Wednesday, May 10, 2006

Reservations for Education

Last evening, I saw a rally taken out by students protesting against the central government's proposed increase in reservations. Every thinking person I know is opposed to this - which is why I had not written about this earlier - it seemed unnecessary. But yesterday, I got thinking. For a year and a half, I went to school in a small town called Diphu in a hill district of Assam. That area is now torn apart by strife and bloodshed between tribes. Then, though there were rare incidents of violence (where is there not?), it was a sleepy town, beautiful, serene. I went to the best school in town - even so, most of my classmates were first-generation literates. I easily topped the class in every exam - a fact due more to my superior early education, given the fact that I spent most of my time exploring my new surroundings and making mischief. Though many of my classmates had started off with very few advantages in life, and though the convent-school education they were receiving was aimed at giving them a better chance - very few of them seemed disposed to make much of it. The reason was palpable - due to the quota system, almost anyone who graduated from school was guaranteed a place in the town's only college (a government college of which my dad was then the principal - which explains why I was there in the first place). Anyone who passed out of college (no matter in how many years) and came from the right race (i.e., belonged to a hill tribe) could have a government job for the asking - again due to reservations and the fact that so few had the qualifications to avail of them. The result being, none of my friends or acquaintances actually felt the need to work hard in order to make a good life for themselves. This attitude was contagious, infecting the non-hill tribe students as well - I barely escaped from it. My escape was facilitated by the fact that I graduated from school well enough to go back to Guwahati to attend college - where I was pitted against the best in the state and had to run as fast as I could just to stay in the race.

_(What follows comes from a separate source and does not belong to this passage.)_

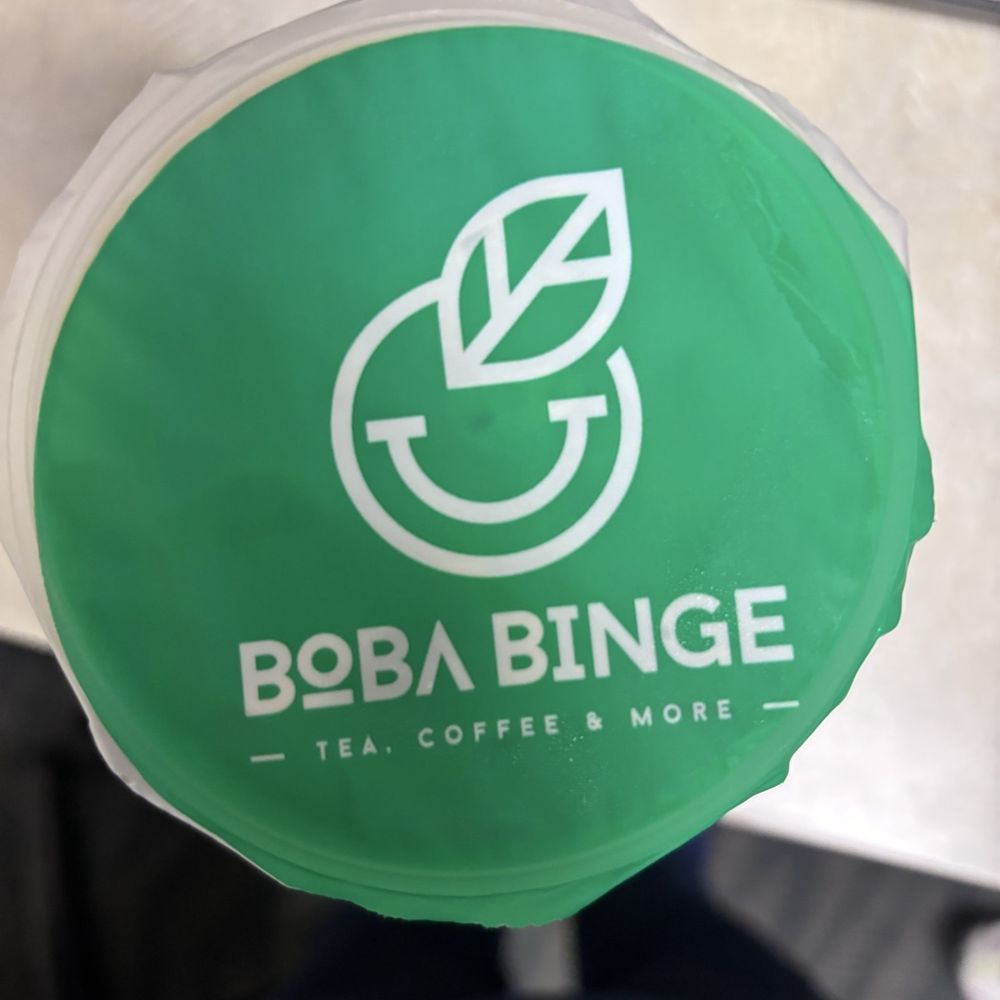 Boba Binge - M4. Tie Guan Yin Oolong Milk Tea - Coffee & Tea Near Me - Oakland, California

I now realize what an injustice it was to the children of those tribes - the feeling of entitlement that they had, the opportunities and laudation heaped on them for small achievements that diffused the urge to aim for more, the feeling that this was their lot in life and they could not make it any better or different. And yet, they were not devoid of talent or intelligence - they just never felt the need to stretch themselves. Compare them with me, brought up in much more priveleged surroundings, but always aware of the fact that I would have to fend for myself when I grew up, and my life would be only what I made of it.

Even if we grant it the best intentions (which are in grave doubt), the government needs to stop acting like an over-indulgent parent and allow these children to grow up and claim their place in the world, instead of coccooning themselves in the ensnaring silk the state willingly provides.